Located in Melbourne’s Carlton North, the Lygon Street house by Foomann Architects is a project that enables communal living and provides affordable housing for the inner city. By embracing shared living, this build aimed to recreate the most appealing elements of communal living in a more sophisticated living environment. The location presently includes two separate structures that are connected by a common garden.
Due to the increasing cost of home ownership in the inner city, strategies to offset the cost through shared living arrangements are becoming increasingly common. The clients previously lived in shared houses with friends, so they wanted to create an atmosphere similar to those they experienced by adding more housing to the site.

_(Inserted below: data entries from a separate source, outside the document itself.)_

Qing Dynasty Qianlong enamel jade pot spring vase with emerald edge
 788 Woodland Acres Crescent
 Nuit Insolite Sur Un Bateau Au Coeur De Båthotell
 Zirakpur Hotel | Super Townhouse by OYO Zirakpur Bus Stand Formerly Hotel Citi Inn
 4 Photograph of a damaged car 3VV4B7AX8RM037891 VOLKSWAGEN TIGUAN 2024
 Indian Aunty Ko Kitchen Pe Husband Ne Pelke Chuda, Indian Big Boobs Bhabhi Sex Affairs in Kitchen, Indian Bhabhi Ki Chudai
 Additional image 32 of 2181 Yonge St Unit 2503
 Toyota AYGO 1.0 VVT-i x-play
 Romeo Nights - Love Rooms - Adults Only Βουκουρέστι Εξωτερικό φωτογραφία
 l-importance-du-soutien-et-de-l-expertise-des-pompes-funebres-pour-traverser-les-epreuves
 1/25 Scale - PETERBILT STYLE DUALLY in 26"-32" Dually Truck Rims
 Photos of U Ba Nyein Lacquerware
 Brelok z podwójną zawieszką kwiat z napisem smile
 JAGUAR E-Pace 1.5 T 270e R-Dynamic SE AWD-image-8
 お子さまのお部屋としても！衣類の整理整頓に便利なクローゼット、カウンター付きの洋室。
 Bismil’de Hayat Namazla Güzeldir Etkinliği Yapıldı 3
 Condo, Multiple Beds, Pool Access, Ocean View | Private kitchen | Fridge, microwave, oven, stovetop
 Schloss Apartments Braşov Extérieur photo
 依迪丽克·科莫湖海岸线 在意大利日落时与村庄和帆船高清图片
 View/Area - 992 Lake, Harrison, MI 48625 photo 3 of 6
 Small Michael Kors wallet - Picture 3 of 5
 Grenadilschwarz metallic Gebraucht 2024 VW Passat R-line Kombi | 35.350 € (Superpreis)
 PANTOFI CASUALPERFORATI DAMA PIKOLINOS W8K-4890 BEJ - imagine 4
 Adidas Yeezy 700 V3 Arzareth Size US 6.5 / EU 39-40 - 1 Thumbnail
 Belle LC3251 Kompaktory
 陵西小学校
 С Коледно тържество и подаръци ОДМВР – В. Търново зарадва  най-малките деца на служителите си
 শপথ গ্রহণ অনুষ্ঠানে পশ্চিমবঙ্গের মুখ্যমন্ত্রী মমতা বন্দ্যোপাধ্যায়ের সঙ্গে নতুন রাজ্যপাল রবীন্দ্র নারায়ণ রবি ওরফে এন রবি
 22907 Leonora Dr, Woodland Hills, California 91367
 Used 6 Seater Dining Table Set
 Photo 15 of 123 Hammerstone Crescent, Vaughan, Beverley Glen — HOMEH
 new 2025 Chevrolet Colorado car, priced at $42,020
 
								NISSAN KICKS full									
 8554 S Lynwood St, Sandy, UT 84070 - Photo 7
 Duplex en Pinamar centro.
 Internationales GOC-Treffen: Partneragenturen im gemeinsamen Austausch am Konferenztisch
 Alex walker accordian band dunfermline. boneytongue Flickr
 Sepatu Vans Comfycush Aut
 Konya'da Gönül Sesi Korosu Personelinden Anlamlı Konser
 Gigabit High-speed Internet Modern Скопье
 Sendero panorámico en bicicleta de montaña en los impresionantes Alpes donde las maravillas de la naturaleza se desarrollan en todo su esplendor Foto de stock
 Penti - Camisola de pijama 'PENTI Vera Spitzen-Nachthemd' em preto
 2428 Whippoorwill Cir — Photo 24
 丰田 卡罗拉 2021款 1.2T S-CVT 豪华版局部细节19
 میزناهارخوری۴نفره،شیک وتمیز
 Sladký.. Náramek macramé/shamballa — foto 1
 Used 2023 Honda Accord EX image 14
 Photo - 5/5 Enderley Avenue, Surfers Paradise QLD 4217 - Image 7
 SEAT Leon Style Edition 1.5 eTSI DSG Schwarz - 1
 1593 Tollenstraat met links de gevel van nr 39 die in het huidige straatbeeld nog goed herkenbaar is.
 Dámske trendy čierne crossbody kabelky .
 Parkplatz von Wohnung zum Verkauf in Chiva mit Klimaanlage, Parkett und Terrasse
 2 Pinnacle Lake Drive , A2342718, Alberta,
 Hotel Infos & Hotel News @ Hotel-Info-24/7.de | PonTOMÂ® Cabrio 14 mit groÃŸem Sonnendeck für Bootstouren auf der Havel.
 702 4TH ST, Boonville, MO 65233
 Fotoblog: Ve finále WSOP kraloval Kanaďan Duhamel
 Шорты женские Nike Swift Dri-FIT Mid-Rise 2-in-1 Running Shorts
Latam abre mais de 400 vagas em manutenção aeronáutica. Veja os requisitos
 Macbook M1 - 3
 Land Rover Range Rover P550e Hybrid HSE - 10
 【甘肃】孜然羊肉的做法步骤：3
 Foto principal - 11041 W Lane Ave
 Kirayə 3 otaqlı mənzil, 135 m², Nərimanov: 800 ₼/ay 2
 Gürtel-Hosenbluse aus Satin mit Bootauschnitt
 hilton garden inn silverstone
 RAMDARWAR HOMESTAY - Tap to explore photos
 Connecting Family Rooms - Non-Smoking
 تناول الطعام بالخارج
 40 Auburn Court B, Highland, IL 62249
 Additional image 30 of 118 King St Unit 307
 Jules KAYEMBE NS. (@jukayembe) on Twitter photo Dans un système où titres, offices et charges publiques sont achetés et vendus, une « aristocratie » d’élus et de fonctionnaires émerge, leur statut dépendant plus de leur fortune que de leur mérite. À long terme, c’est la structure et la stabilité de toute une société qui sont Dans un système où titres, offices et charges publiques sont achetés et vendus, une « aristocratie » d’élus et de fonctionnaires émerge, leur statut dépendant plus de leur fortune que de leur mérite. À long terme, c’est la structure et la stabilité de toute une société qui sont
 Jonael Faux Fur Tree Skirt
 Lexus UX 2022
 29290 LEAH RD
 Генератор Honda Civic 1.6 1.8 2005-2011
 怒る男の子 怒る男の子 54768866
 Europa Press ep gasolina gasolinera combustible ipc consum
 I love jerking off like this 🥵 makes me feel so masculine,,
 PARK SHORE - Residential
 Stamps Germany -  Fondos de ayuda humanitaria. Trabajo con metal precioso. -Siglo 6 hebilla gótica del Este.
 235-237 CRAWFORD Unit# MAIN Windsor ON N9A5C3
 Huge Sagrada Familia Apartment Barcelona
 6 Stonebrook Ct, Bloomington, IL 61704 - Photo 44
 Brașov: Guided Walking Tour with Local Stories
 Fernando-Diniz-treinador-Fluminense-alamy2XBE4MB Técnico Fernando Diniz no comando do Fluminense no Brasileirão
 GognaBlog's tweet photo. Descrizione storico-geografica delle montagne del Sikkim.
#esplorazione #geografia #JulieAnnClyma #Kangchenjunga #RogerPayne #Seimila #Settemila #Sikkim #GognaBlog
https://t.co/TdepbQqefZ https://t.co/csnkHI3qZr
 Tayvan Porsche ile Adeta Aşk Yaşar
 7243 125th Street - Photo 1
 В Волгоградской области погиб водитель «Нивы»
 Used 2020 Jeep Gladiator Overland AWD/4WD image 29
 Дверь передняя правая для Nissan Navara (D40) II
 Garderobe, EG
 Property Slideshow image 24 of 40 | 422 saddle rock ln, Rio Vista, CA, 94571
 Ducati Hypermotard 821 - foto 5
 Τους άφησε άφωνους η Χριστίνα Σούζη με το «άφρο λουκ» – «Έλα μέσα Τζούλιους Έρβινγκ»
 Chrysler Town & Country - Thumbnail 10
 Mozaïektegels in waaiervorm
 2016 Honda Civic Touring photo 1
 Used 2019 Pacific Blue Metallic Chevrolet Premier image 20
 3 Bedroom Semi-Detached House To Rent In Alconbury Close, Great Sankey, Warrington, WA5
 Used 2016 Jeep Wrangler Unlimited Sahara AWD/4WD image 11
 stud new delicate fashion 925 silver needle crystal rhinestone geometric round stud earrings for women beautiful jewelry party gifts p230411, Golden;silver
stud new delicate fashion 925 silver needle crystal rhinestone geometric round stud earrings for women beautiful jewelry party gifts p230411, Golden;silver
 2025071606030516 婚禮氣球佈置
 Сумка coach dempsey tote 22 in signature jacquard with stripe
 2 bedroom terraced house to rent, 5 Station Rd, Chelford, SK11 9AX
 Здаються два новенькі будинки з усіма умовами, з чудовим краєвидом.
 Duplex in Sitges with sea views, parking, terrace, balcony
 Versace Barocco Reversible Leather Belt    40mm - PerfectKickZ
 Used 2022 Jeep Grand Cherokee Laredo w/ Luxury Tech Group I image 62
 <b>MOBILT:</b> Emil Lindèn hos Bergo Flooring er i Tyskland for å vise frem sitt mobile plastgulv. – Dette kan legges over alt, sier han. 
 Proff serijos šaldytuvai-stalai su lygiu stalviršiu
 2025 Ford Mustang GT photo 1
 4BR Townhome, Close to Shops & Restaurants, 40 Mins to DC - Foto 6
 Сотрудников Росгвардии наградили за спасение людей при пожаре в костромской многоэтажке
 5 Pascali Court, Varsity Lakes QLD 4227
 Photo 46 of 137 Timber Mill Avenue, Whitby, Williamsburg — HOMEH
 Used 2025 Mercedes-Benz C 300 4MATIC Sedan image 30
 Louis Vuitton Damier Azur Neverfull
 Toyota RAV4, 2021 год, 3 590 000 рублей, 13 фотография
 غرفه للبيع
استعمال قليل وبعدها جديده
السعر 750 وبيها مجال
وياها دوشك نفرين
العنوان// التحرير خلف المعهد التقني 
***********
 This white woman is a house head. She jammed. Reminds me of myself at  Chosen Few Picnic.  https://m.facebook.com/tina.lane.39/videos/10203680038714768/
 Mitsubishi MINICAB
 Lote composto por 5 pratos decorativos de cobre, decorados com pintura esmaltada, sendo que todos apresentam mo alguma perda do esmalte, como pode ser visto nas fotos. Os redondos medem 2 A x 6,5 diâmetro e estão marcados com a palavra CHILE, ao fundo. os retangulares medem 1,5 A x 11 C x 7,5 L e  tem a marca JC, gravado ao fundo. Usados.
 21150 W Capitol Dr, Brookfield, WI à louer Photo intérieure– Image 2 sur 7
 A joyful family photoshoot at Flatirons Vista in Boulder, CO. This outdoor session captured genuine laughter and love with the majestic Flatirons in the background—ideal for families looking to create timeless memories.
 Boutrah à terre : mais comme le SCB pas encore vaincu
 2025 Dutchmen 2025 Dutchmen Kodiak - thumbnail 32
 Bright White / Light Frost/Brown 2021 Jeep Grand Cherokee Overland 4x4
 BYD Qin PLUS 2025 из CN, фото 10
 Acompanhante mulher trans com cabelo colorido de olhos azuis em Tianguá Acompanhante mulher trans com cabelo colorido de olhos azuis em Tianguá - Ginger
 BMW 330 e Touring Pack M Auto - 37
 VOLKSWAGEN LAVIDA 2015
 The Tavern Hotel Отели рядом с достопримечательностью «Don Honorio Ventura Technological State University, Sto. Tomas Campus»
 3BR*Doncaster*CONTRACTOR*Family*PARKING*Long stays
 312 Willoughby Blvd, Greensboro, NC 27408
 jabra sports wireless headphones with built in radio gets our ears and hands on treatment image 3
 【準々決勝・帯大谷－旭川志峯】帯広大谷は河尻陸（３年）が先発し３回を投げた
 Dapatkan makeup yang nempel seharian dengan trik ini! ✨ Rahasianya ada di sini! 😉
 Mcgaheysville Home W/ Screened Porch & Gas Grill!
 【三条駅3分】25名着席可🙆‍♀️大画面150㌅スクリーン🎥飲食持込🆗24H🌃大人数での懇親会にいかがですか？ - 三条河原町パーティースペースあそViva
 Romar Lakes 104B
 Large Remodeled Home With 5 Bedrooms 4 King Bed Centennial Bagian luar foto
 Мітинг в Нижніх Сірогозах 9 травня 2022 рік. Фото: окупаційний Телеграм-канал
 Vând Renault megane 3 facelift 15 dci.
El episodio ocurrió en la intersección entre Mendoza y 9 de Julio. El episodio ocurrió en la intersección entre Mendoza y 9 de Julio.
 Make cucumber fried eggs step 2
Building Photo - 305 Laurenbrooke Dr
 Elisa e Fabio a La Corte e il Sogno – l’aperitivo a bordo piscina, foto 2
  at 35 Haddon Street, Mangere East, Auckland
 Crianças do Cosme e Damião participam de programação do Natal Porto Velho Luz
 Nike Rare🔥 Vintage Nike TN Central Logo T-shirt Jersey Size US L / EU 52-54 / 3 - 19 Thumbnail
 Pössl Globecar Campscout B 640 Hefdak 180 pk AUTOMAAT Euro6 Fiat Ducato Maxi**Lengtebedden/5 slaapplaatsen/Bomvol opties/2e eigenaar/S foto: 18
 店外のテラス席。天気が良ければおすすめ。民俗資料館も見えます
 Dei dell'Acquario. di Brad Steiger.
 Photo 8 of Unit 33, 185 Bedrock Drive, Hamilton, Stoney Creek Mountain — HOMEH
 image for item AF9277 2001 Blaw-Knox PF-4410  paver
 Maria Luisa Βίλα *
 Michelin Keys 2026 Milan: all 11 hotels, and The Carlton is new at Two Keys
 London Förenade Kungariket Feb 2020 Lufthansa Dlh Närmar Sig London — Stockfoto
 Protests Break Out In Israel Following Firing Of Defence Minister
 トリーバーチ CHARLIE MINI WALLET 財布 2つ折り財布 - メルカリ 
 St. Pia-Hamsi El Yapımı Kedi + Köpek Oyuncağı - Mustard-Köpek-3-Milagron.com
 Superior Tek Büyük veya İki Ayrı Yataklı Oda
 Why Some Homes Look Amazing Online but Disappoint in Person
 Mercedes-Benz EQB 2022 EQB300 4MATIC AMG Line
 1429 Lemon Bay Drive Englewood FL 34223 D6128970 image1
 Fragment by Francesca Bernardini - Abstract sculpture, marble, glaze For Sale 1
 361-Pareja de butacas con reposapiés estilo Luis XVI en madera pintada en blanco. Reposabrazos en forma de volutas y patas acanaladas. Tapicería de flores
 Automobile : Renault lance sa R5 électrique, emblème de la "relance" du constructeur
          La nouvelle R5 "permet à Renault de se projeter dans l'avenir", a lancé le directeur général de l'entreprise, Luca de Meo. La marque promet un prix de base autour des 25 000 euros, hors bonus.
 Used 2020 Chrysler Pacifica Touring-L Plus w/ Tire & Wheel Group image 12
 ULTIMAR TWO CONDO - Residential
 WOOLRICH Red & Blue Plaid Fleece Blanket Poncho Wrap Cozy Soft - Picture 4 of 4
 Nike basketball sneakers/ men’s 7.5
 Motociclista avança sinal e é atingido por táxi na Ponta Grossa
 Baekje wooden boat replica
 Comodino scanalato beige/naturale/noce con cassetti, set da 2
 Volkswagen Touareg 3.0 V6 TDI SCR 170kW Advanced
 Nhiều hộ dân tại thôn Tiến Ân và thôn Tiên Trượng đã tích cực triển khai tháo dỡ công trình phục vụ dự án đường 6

A simple design has been chosen for the new house, keeping it in tune with the surrounding environment. This overall design theme is elevated by details such as the slanted walls and the use of different elements for contrast. Material choices for both the interior and exterior are simple; a white brick wall contrasts with dark corrugated skin.
The flexible and sustainable design makes the new building able to increase the density of the site, thereby reducing the footprint of each individual. There is the option of using the upstairs spaces as one or two bedrooms.
Despite its robustness (it could be used as a garage, after all), the downstairs space feels very livable. Insulation in the garage door enables it to be as effective as a living space. As opposed to many other basements, this one lacks fixed joinery, making its use as versatile as possible.
An existing step in the garden between the two buildings provides seating but could be utilized to create a border in the future if more autonomy is needed.
Both of the houses share a backyard, which is a great place for the residents of both households to socialize and interact. The clever experiment gives us a glimpse of what we may see in the future – an economical, robust building that highlights communal living while being low-impact.